> **Recorded information**:
+++
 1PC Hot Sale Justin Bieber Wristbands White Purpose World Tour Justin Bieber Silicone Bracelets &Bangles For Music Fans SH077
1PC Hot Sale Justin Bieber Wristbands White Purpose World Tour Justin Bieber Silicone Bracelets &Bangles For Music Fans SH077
+++
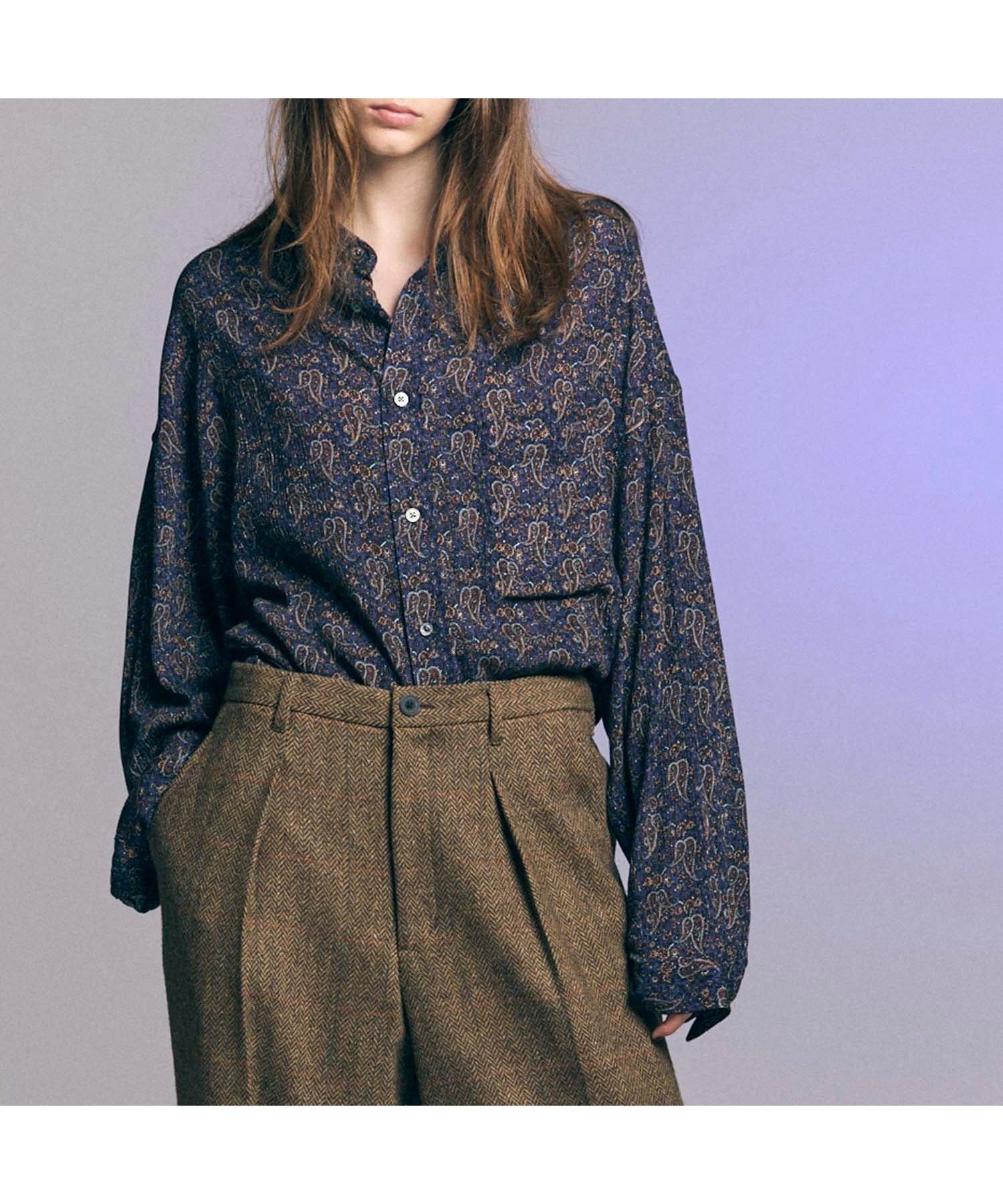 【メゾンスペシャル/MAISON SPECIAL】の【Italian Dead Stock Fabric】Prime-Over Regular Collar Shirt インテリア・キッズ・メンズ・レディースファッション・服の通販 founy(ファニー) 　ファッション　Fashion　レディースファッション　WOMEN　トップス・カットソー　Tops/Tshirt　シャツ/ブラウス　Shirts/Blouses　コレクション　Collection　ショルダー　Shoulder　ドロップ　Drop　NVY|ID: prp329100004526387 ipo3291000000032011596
+++
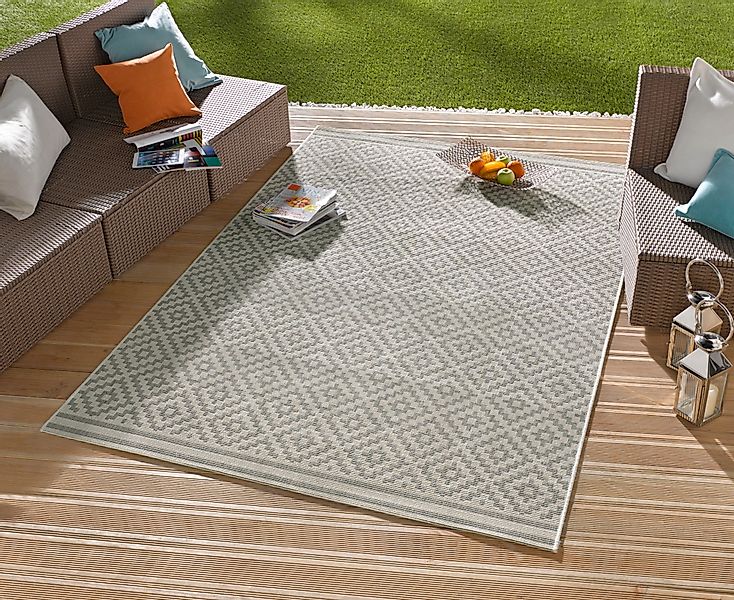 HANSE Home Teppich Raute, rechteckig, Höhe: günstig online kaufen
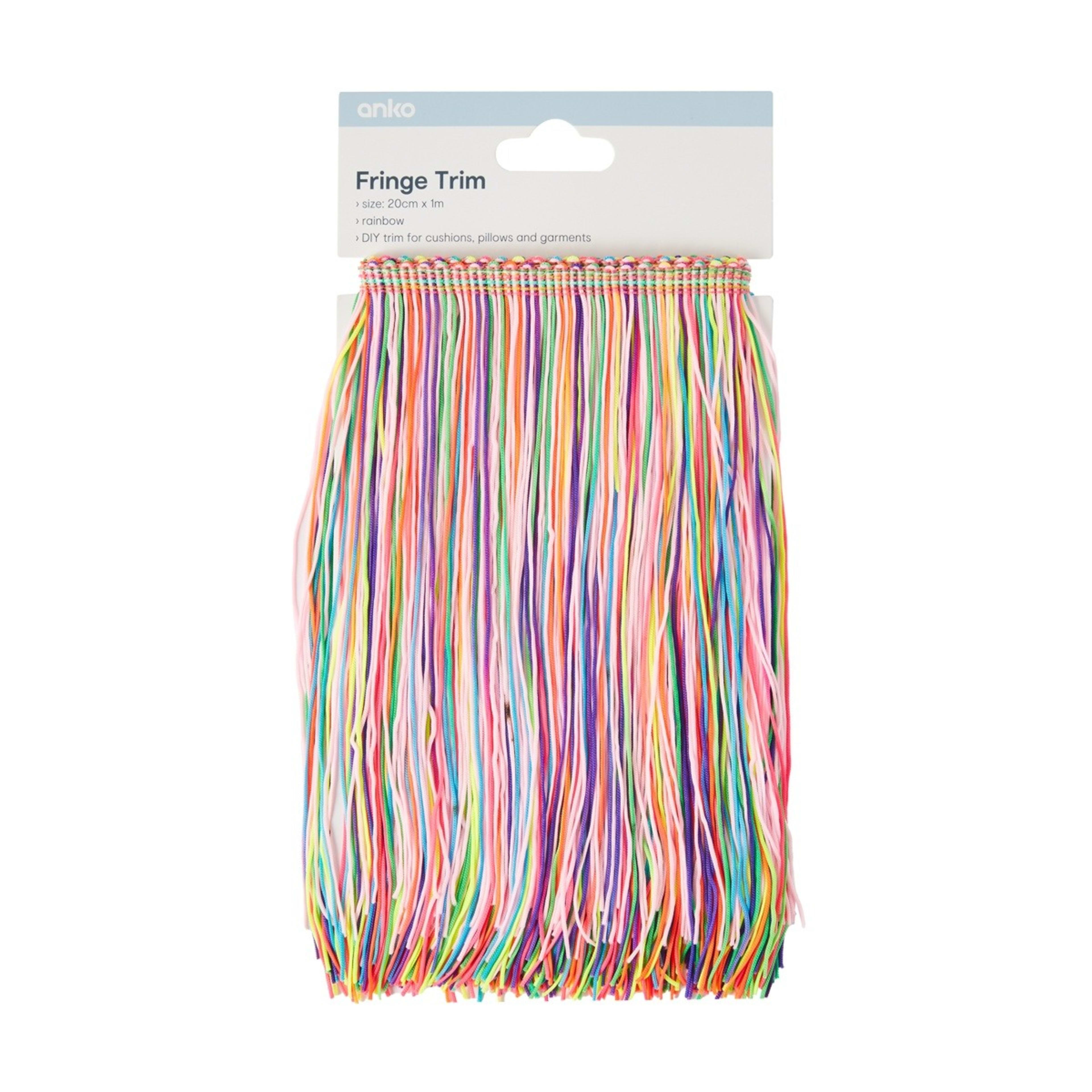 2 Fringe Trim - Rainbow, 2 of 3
+++
> **How to complete this task**: Search the preceding listing for "Bangles" and extract every line where it is found.

> **Answer to this problem**:
 1PC Hot Sale Justin Bieber Wristbands White Purpose World Tour Justin Bieber Silicone Bracelets &Bangles For Music Fans SH077
1PC Hot Sale Justin Bieber Wristbands White Purpose World Tour Justin Bieber Silicone Bracelets &Bangles For Music Fans SH077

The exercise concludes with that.